Bench Testing A Ford Relay (A Step-by-Step Guide) Bench Testing A Ford Relay (A Step-by-Step Guide)

Every now and then, the need arises to bench test a Relay to find out if it's really BAD or not.

This article will help you to bench test the Ford 20 amp multi-purpose Relay in a step by step fashion (there are two articles in site about bench testing a Ford Relay, the other is here: How To Bench Test A Ford Relay (Large Relay)).

Contents of this tutorial at a glance:

  1. What Tools Do I Need To Test The Relay?
  2. Relay Basics.
  3. Relay Bench Test.

You can find this tutorial in Spanish here: Cómo Probar En Banco Un Relé De Ford (Relé Pequeño) (at:

For your cross reference information:

  1. Ford part #:
    1. F57B-14B192-AA
  2. AutoZone part #:
    1. Duralast 19283
    2. Duralast 20749
  3. O'reilly part #:
    1. IDI 25-0136
  4. Other part #:

What Tools Do I Need To Test The Relay?

You'll need two very important things to bench test the Relay and they are:

  1. Multimeter
    1. The Multimeter can be digital or analog multimeter.
    2. If you need to buy one or are looking to upgrade, check out my recommendations here: Buying A Digital Multimeter For Automotive Diagnostic Testing.
  2. Jumper Wires
    1. You'll need two of them with alligator clips on both ends (you can make these yourself).

Relay Basics

Bench Testing A Ford Relay (A Step-by-Step Guide)

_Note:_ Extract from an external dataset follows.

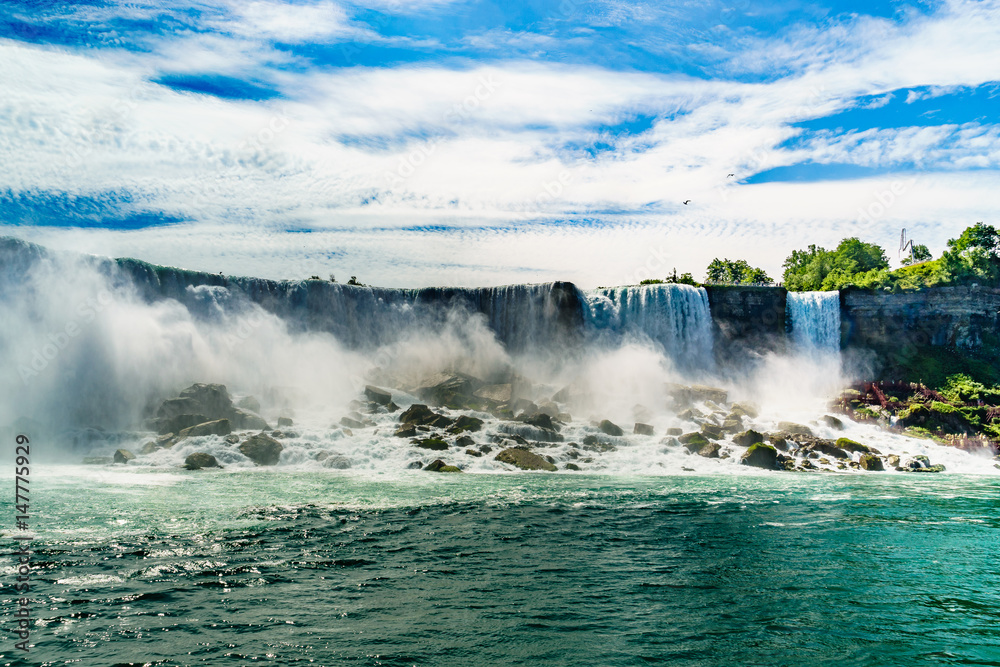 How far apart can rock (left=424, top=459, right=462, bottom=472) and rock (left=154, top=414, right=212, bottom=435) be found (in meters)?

The core purpose of a Relay is to control a high amount of current with a smaller (lower) current. And it does this by having one circuit mechanically open or close another circuit.

These two circuits can be classified as:

  1. A high current circuit.
    1. This is the circuit that is opened and closed.
    2. This is the circuit that delivers the current to the component that needs it.
  2. A low current circuit.
    1. This the circuit that activates or deactivates the relay by 'opening' or 'closing' the high current circuit.

The relay that this article will help you test is a non solid-state type, which means that it activates with mechanical components.

Here's a very brief look and explanation of what the Relay is made up of and how it works.

  1. Inside the Relay's plastic cover, you'll find these core components:
    1. An Electromagnet
      1. This is a coil of wire wrapped around a soft iron core
      2. When voltage flows thru it, it becomes a magnet.
    2. A movable Armature.
      1. This is the component that is moved from one contact to another, by the Electromagnet's magnetic field, to complete the circuit (for the high current to pass thru').
    3. A Spring.
      1. After the Relay is deactivated, the Electromagnet's magnetic field collapses and the spring ensures the Armature returns to its original position.
      2. In this type of Relay, this spring is NOT the coil type. The spring is a leaf type spring.
    4. Several contacts.
  2. When the Relay's coil (electromagnet) gets energized (by having current flow thru' it), it moves the Armature to close against another contact.
  1. The Armature is the actual switch and completes or opens the circuit that will have the High current flowing thru' it.
  2. When the Relay's coil gets de-energized, it loses it's magnetic power and thus let's go of the Armature.
  3. The Spring now acts on the Armature to place it back into its normally open position
    1. The High Current circuit now becomes ' open' , thus stopping any current from reaching the component that was being fed with it.